There's no point, you'd realise. Or rather, there's no wider sporting point. While technically football matches in form and presentation, the result is less important than modelling the new kit, not getting injured, not injuring anybody else, signing autographs, establishing a presence in emerging markets, assimilating new tactical plans, losing the holiday fat, and informing the world that DHL are an excellent choice for all your logistical needs. Friendly football is football gutted; if sport is war, pre-season is paintball. "They've got the winner!" screamed ESPN last Tuesday, as two Arsenal reserves hugged like distant cousins at a wedding and Malaysia XI's goalkeeper yawned in boredom.

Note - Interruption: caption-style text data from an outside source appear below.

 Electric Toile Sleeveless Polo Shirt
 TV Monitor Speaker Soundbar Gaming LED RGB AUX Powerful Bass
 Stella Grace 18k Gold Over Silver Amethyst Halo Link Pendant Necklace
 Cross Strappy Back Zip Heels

If you were in any doubt, just look at the line-ups. This year is even worse than usual, back-to-back international tournaments ensuring that plenty of players are either just sloping back from their holidays, or have gone to London to help Sebastian Coe in his bid for a knighthood baronetcy viscounty. So we watch players priced and measured for market hustling alongside first-teamers that have just changed out of their flip-flops, convalescents passing to adolescents, reserves tackling contract rebels; those going, those gone and those still here, minds all firmly elsewhere.

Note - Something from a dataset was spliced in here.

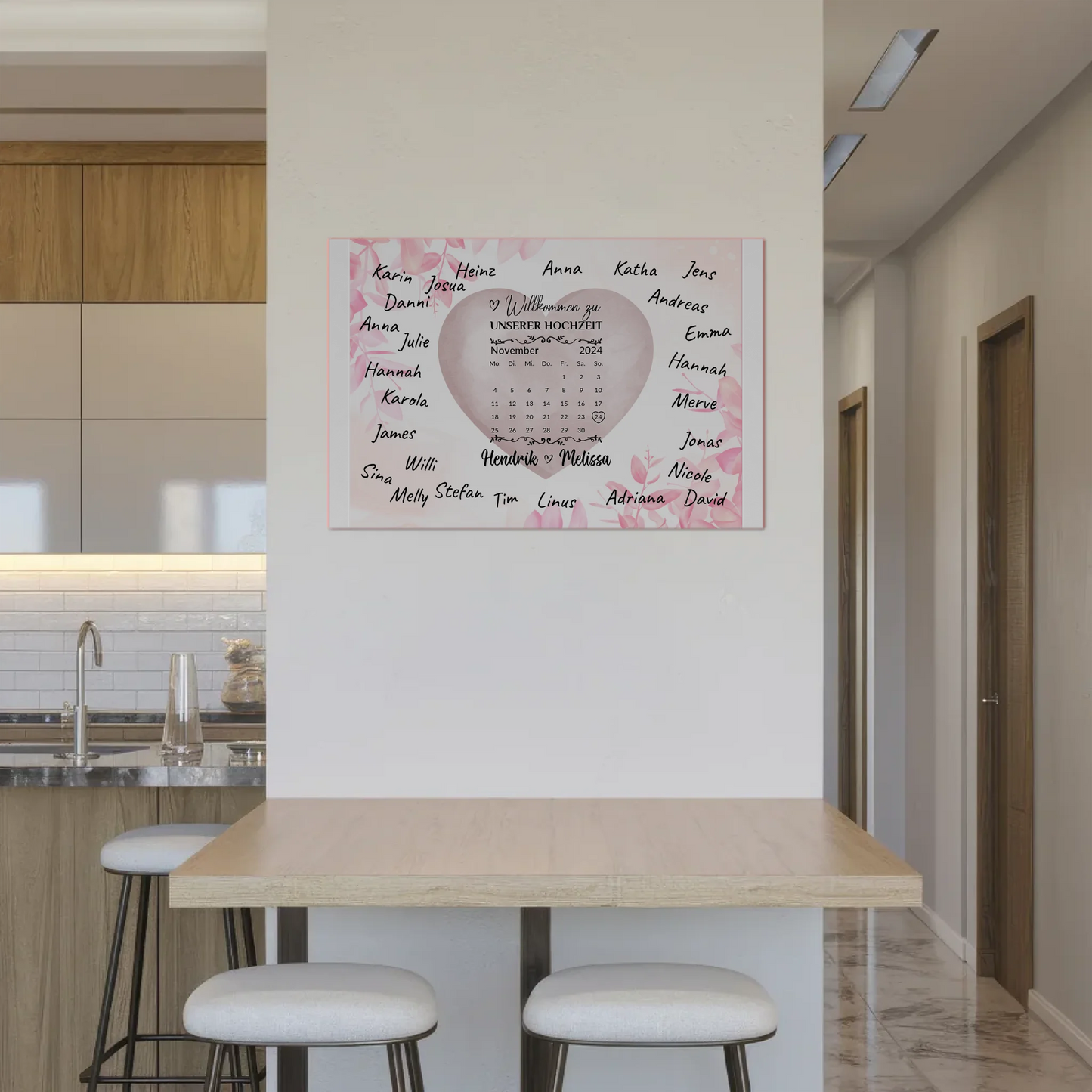 Willkommensschild Hochzeit mit Farbklecks Herz personalisiert Magnet Poster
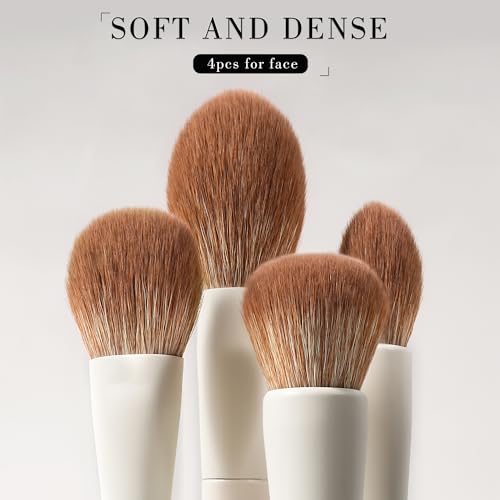 15-Piece Makeup Brush Set with Synthetic Bristles for Face & Eyes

Yet despite this, an inordinate amount of attention is being lavished upon these distracted exercises in training and advertising, this liminal edgeland between Football and Not Football. Of course, television channels need something to fill their schedules, and even a blank parody of football tends to draw the eyes. But pre-season has an appeal even beyond that, an allure that derives from the clairvoyant insights it pretends to reveal. Find out how your team might line-up, it whispers, running its fingers through your hair. Get a look at this new prospect you’ve picked up on the cheap from the Bundesliga, it coos, hand sliding up the inside of your thigh. Find out how your latest manager’s attempts to introduce a zonal-marking system are going, it blushes, tongue flickering against your earlobe. Lavish attention on me, it promises, lips hovering over yours. I will show you the future.

All nonsense. Attempting to divine anything from pre-season is like reading decaffeinated tea-leaves, or poking around in the guts of a nut-roast. At best you’ll discover how improvised lineups perform in irrelevant circumstances, which as far as knowledge goes is probably worse than knowing nothing. It’s not good for you, either. Start searching for patterns where there are none and you’ll end up finding them, and finding patterns where there are none is as good a definition of madness as springs to mind.

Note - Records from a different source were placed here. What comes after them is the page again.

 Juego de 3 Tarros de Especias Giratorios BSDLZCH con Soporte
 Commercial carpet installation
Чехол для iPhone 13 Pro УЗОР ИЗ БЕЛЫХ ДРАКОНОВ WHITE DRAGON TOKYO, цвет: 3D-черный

There is much to enjoy about pre-season. New players are fun, and new kits are dreadful. Alex Ferguson dresses as a coach driver, and Bebe finds his level. Far-flung fans get a rare chance to see something resembling the team they follow at a distance. But let’s not fool ourselves into thinking that what we see before the season starts has anything more than a faint resemblance to what we see afterwards. And even more importantly, let’s not burden ourselves with the pretence that the result matters. A new football season is coming, and it’s going to be ... well, it’s going to be what it always is. Tiring as hell, and slightly louder than the last one. Let’s not put ourselves through that before we absolutely have to.